Want ethical AI? Hand the keys to middle schoolers.

Share

This story originally appeared in the Youth issue of Popular Science. Current subscribers can access the whole digital edition here, or click here to subscribe.

LI XIN ZHANG’S SUMMER CAMP began with sandwiches—not eating them but designing them. The rising seventh grader listened as teachers asked her and her peers to write instructions for building the ideal peanut butter, jelly, and bread concoction. Heads down, the students each created their own how-to.

When they returned to the Zoom matrix of digital faces and told one another about their constructions, they realized something: Each of them had made a slightly different sandwich, favoring the characteristics they held dear. Not necessarily good, not necessarily bad, but definitely not neutral. Their sandwiches were biased. Because they were biased, and they had built the recipe.

The activity was called Best PB&J Algorithm, and Zhang and more than 30 other Boston-area kids between the ages of 10 and 15 were embarking on a two-week initiation into artificial intelligence—the ability of machines to display smarts typically associated with the human brain. Over the course of 18 lessons, they would focus on the ethics embedded in the algorithms that snake through their lives, influencing their entertainment, their social lives, and, to a large degree, their view of the world. Also, in this case, their sandwiches.

“Everybody’s version of ‘best’ is different,” says Daniella DiPaola, a graduate student at Massachusetts Institute of Technology who helped develop the series of lessons, which is called Everyday AI. “Some can be the most sugary, or they’re optimizing for an allergy, or they don’t want crust.” Zhang put her food in the oven for a warm snack. A parent’s code might take cost into account.

A pricey PB&J is low on the world’s list of concerns. But given a familiar, nutrient-rich example, the campers could squint at bias and discern how it might creep into other algorithms. Take, for example, facial recognition software, which Boston banned in 2020: This code, which the city’s police department potentially could have deployed, matches anyone caught on camera to databases of known faces. But such software in general is notoriously inaccurate at identifying people of color and performs worse on women’s faces than on men’s—both of which lead to false matches. A 2019 study by the National Institute of Standards and Technology used 189 algorithms from 99 developers to analyze images of 8.49 million people worldwide. The report found that false positives were uniformly more common for women and up to 100 times more likely among West and East African and East Asian people than among Eastern Europeans, which had the lowest rate. Looking at a domestic database of mug shots, the rate was highest for American Indians and elevated for Black and Asian populations.

The kids’ algorithms showed how preference creeps in, even in benign ways. “Our values are embedded in our peanut butter and jelly sandwiches,” DiPaola says.

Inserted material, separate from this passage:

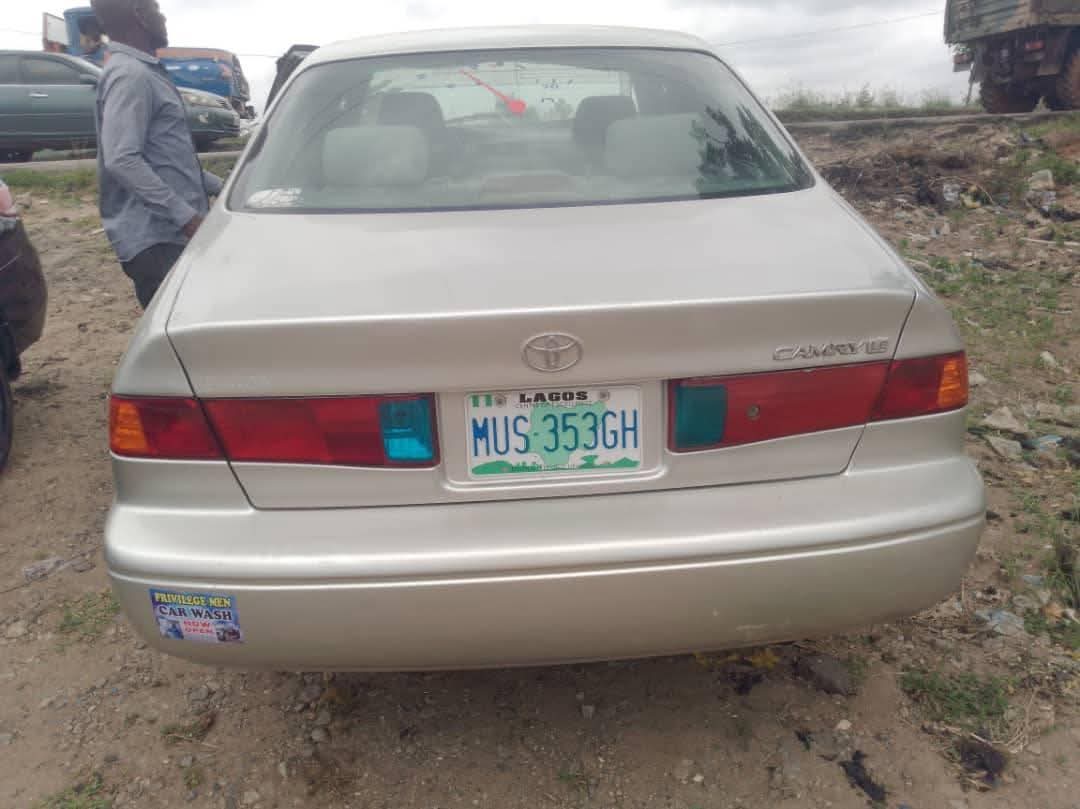 A picture of TOYOTA CAMRY DROP LIGHT 4 PLUG FIRST BODY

The camp doesn’t aim to depress students with the realization that AI isn’t all-knowing and neutral. Instead, it gives them the tools to understand, and perhaps change, the technology’s influence—as the AI creators, consumers, voters, and regulators of the future.

To accomplish that, instructors based their lessons on an initiative called DAILy (Developing AI Literacy), shaped over the past few years by MIT educators, grad students, and researchers, including DiPaola. It introduces middle schoolers to the technical, creative, and ethical implications of AI, taking them from building PB&Js to totally redesigning YouTube’s recommendation algorithm. For the project, MIT partnered with an organization called STEAM Ahead, a nonprofit whose mission is to create educational opportunities for Boston-area kids from groups traditionally underrepresented in scientific, technical, and artistic fields. They did a trial run in 2020, then repeated the curriculum in 2021 for Everyday AI, expanding the camp to include middle-school teachers. The goal is for educators across the country to be able to easily download the course and implement it.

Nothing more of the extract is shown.